What happened to the people who were doing the walks on the marina walk? Something with a sat time like 7 or 8pm show up and just join in walking would seem to be easier for a diverse crowd.


----------



## wonderwoman (Nov 14, 2009)

*hi*



Jynxgirl said:


> What happened to the people who were doing the walks on the marina walk? Something with a sat time like 7 or 8pm show up and just join in walking would seem to be easier for a diverse crowd.[/QUO
> 
> yea i agree with you walking in a large group of people may work for some people, that is not for me , myself in particular would prefer to have a smaller group of people who have silimar issues as myself i.e weight problems, i myself would not be comfortable joining in with a large group of people to walk with. As you have pointed out this would be easier for a diverse crowd, as the saying goes diversity is variety. For motivatioin, certain people need encouragement its important for them and myself as individuals to feel comfortable, happy and strong as we all are so diverse, hence the reason why i put the thread up in the first place.
> 
> .


----------



## lakishap8584 (Nov 1, 2010)

That would be a great idea and interesting but I have a tight schedule this week. I might be able to join by mid December..Cheers.


----------



## wonderwoman (Nov 14, 2009)

yeaaaaa thank you and welcome !


----------



## Loladada (Nov 17, 2009)

I just pm wonderwoman and see if we can coordinate and attend exercise classes together in a particular gym. Having said that, I would like to ask if anyone has information which gyms are offering drop in fees for their exercise classes, just to have more options. Thanks.


----------



## Jynxgirl (Nov 27, 2009)

Understand. I thought the thing on the walk was just a few people showing up. If you were the one organizing it, you would have to be there or let down those who are waiting on your to be the leader. With only 8 hours (or less depening on traffic) actually at home, I can relate with the need for motivation. I rather sleep on those days and even on my off days, my treadmill seems to not get used enough to make up for it. And my waist line has grown this year.  

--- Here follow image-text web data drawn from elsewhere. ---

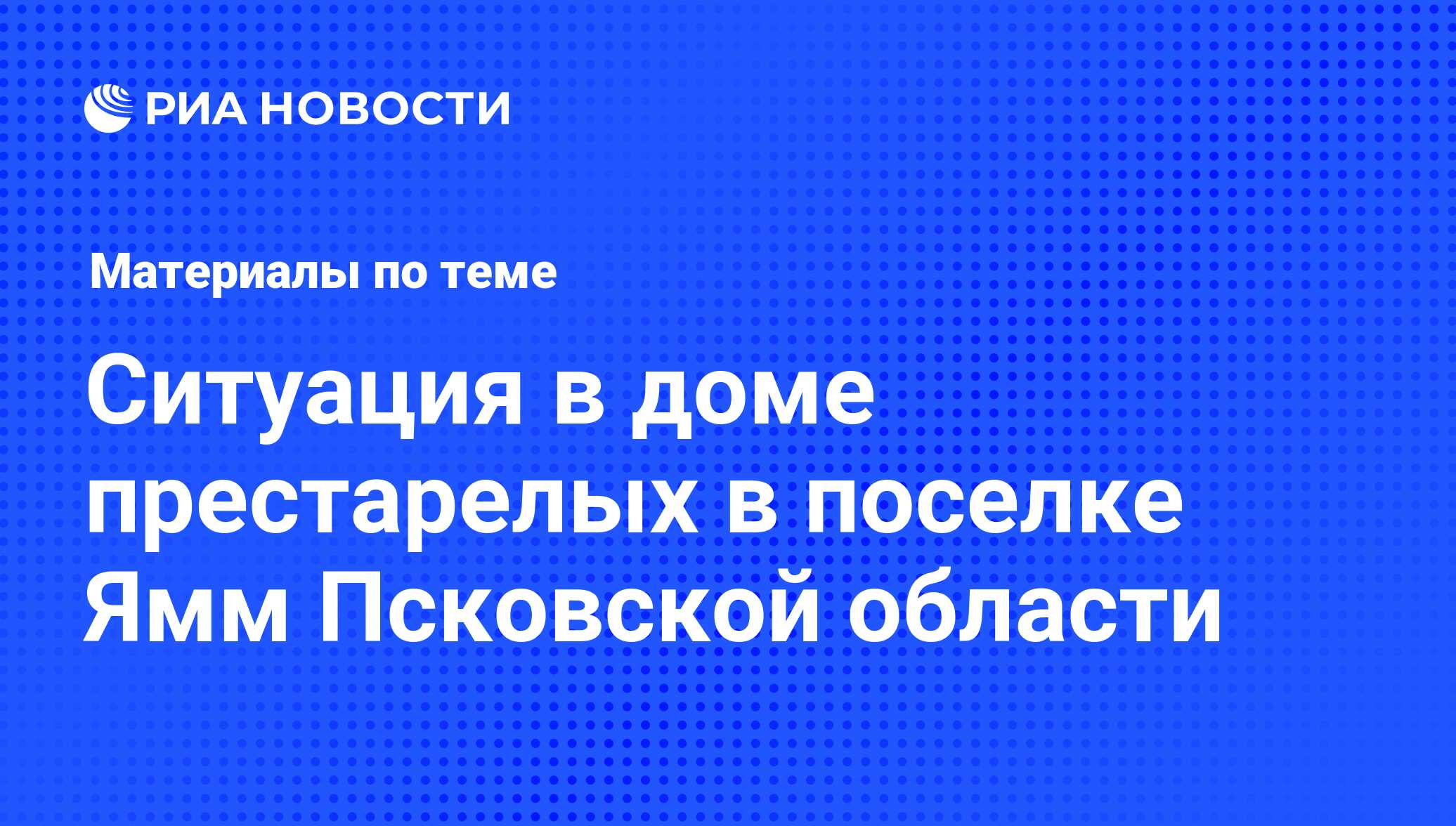 Ситуация в доме престарелых в поселке Ямм Псковской области - последние  новости сегодня - РИА Новости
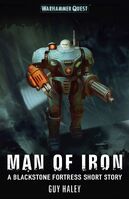 Man of Iron, de Guy Haley
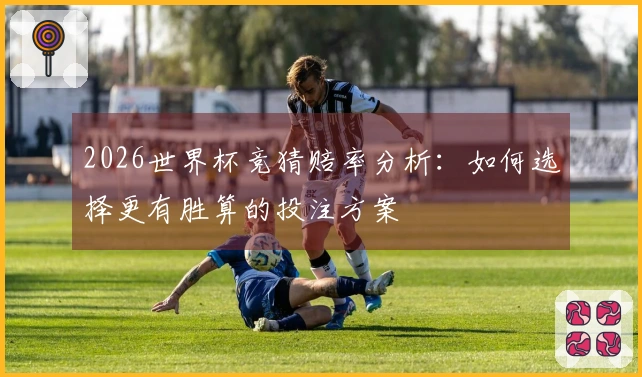 2026世界杯竞猜赔率分析：如何选择更有胜算的投注方案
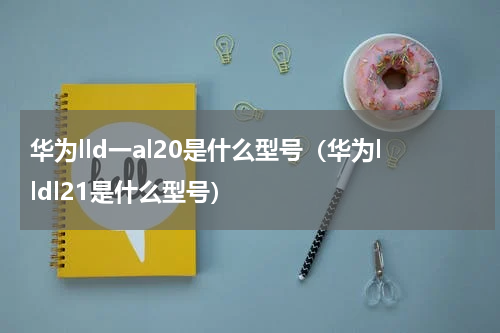 华为lld一al20是什么型号(华为lldl21是什么型号)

I could use some motivation but someone better be able to come drag me out of bed an hour early at 2 am


----------



## Moe78 (Oct 29, 2010)

where do you live, i'll throw some tear gas threw your window that will get you motivated alright 

I would like to do the Marina Walk thingy, haven't been to JBR for months!


----------



## wonderwoman (Nov 14, 2009)

thanks got it have pm you


----------



## wonderwoman (Nov 14, 2009)

*come on*



Jynxgirl said:


> Understand. I thought the thing on the walk was just a few people showing up. If you were the one organizing it, you would have to be there or let down those who are waiting on your to be the leader. With only 8 hours (or less depening on traffic) actually at home, I can relate with the need for motivation. I rather sleep on those days and even on my off days, my treadmill seems to not get used enough to make up for it. And my waist line has grown this year.
> 
> I could use some motivation but someone better be able to come drag me out of bed an hour early at 2 am


come and join us jynxgirl my waist line has grown as well just think on thoes jeans you want to get into only they only come past your knees lol:clap2::clap2:


----------



## wonderwoman (Nov 14, 2009)

hahahahah yea right!!!!!


----------



## ipshi (Jul 23, 2010)

ok i seriously wanna get in on this... but again... im wayyyyyy on the other end of town... i hav trouble motivating myself to go to the gym where im signed up and which is 10 mins from where i live!!!


----------